I have a configuration that I'm desperately hoping that somebody can help me with.

I have a very large managed WAN from a telco where BGP is used as the sole routing algorithm. At the moment all sites have 2x connections a 10Mb/s primary link and a 2Mb/s backup link. There is currently no load sharing but I am being asked to make use of this 2Mb/s link to take the strain off the 10Mb/s link.

On each site we have a voice and a data VLAN. The voice traffic is about 1Mb/s and so would fit nicely on the 2Mb/s link.

Now I know that there are various options open to us to ensure that all inbound VOIP traffic is received on the 2Mb/s link, we are currently thinking of using MED to make the 2Mb/s link preferred for Voip.

My puzzle is how can I ensure that ALL outbound Voip traffic uses the 2Mb/s link. For various reasons the destination of VOIP traffic could be almost any IP address and so I am not able to use MED in a similar manner.

What I basically have to do here is to choose the outbound route based on the source subnet, rather than the destination, to ensure that all VOIP uses the 2Mb/s link and all data 10Mb/s link.

By doing this I will ensure that the traffic is completely symmetric.

Could somebody tell me what my options are for this kind of routing and point me to some links please?

Thanks.

3 Replies 3

Giuseppe Larosa
Hall of Fame
Hall of Fame

Hello James,

>> What I basically have to do here is to choose the outbound route based on the source subnet, rather than the destination, to ensure that all VOIP uses the 2Mb/s link and all data 10Mb/s link.

BGP is not enough you need to use PBR to be able to perform source based routing.

PBR uses route-maps that invoke ACLs to define traffic to be diverted

see

https://www.cisco.com/en/US/docs/switches/lan/catalyst4500/12.2/52sg/configuration/guide/pbroute.html

VoIP traffic could be confined to specific subnets for on-net calls.
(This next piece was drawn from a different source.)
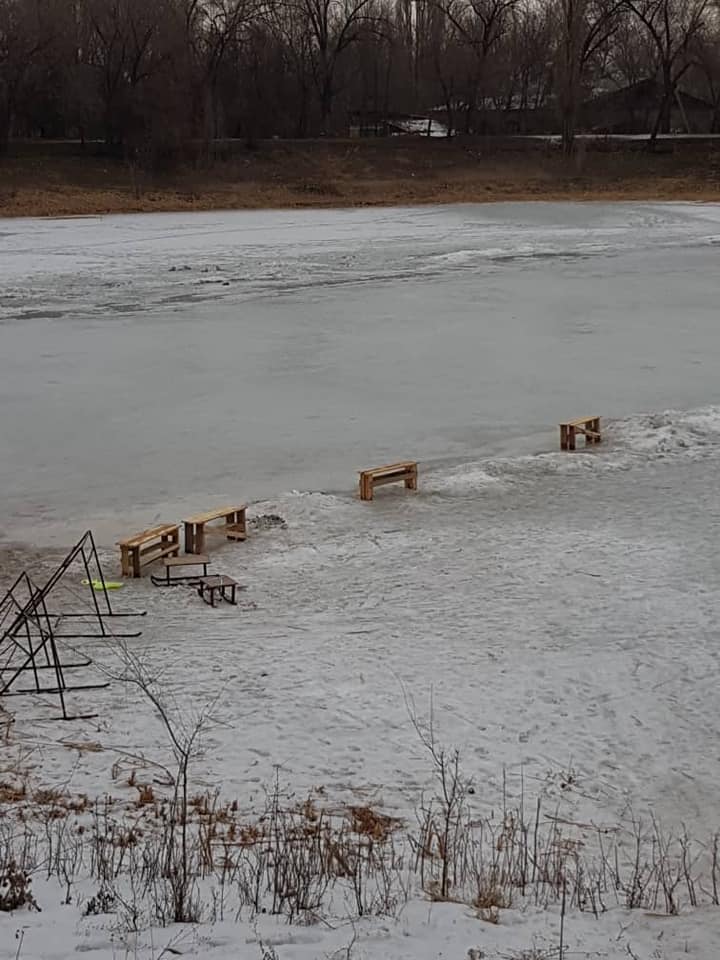 Бишкекчанин возмущен состоянием бесплатного городского катка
The question are the off-net calls when the RTP stream from the IP Phone has to go to a voice gateway.

Hope to help

Giuseppe

Thanks Guiseppe,

I didn't mention PBR in my first post as I didn't want to lead any responses. Thank you for confirming my suspicions but unfortunately I've a feeling that there will be a reluctance to implement PBR.

I guess we could do something without PBR for on-net calls (and perhaps even the stream to the voice gateway) using the destination. As long as the VOIP VLANs are consistently addressed e,g, 10.x.2.y where x is a site and the third octet indicates voip we could perhaps setup a local preference for these subnets so that the router prefer the route advertised over the 2Mb/s link.
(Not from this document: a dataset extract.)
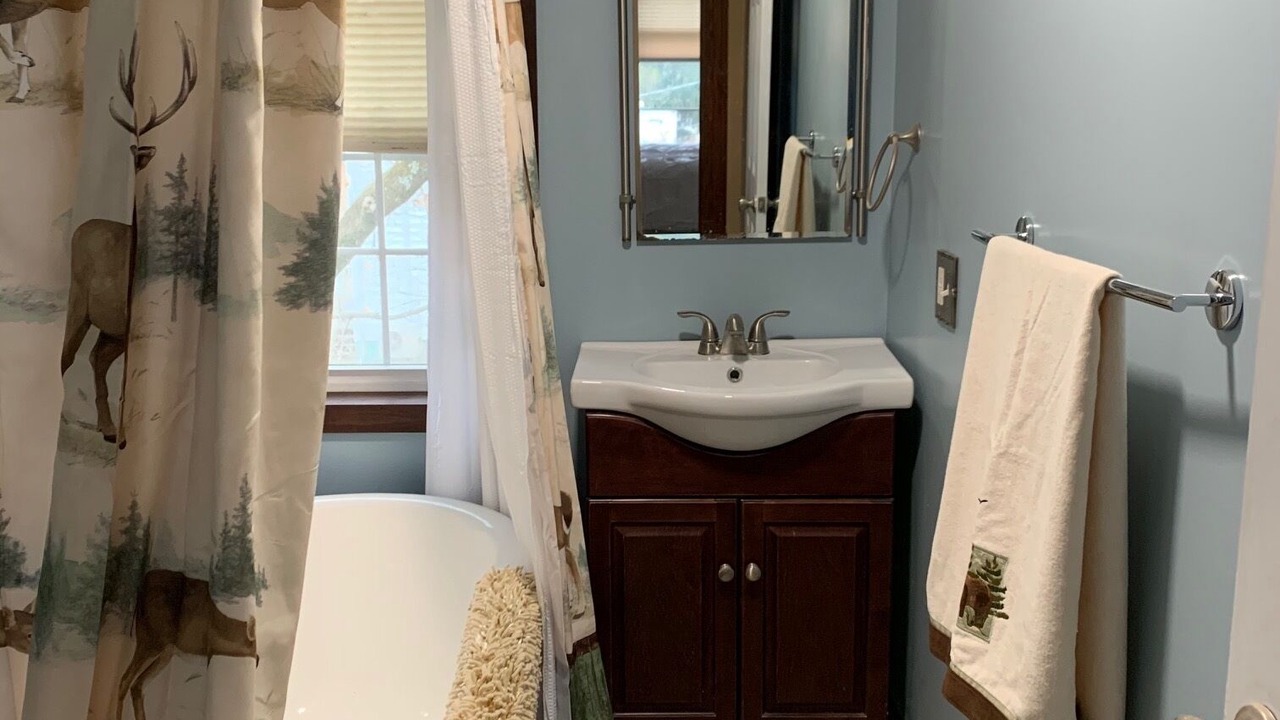 Photo of Bathroom in Camptown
A quick follow on question, how much of a problem do you think asymetric voip traffic might be?

i.e. it would be simply for voip to always come in on the 2Mb/s and it would be easy enough to configure it so that on the outbound roughly half of it would route down the 10Mb/s and half down the 2Mb/s. I think that this might be okay if both links were 10Mb/s but I'm quite nervous with the big difference in bandwidth. We could end up with a voip call leaving site A on the 2Mb/s link, coming into site B on the 2Mb/s link, then leaving on the 10Mb/s link at B and back into A on its 2Mb/s link.
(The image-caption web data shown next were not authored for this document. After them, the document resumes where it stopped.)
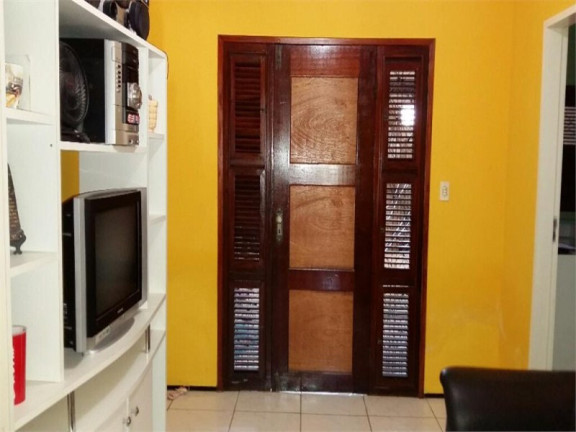 Imagem Imóvel com 4 Quartos à Venda, 150 m² em Siqueira - Fortaleza Imagem Imóvel com 4 Quartos à Venda, 150 m² em Siqueira - Fortaleza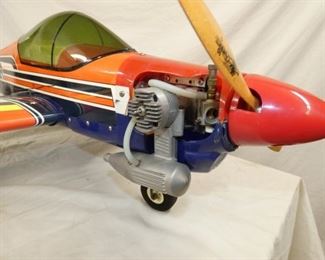 VIEW 4 CLOSEUP PLANE W/ ENGINE 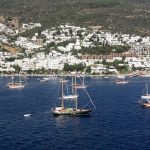 Bodrum koyu ve yelkenli tekneler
This sounds like a it might create problems. Would you agree?

Hello James,

depending on your address plan there is still one dimension to use:

prefix length:

if you are able to advertise more specific paths only on the 2 Mbps mesh of links: (example /24)

and to advertise less specific routes (example /23) on the 10 Mbps links you should be fine without PBR for on-net calls.

The same idea could be used for voice gateways ip addresses you could also advertise some specific /32 host routes in BGP only on the 2Mbps links sessions.

This requires some effort but it can be done.

you will need to use IP prefix-lists invoked in a route-map to be able to send /24 on one session and /23 on the other session.

Also, the ability to confine VoIP traffic on one type of link is important for the QoS aspects.

However, if one 2 Mbps link fails you need to provide routing failover over the 10 Mbps link (so the /23 prefix to be sent) and you need to provide resources for Voip to be carried inside an LLQ on the 10 Mbps link.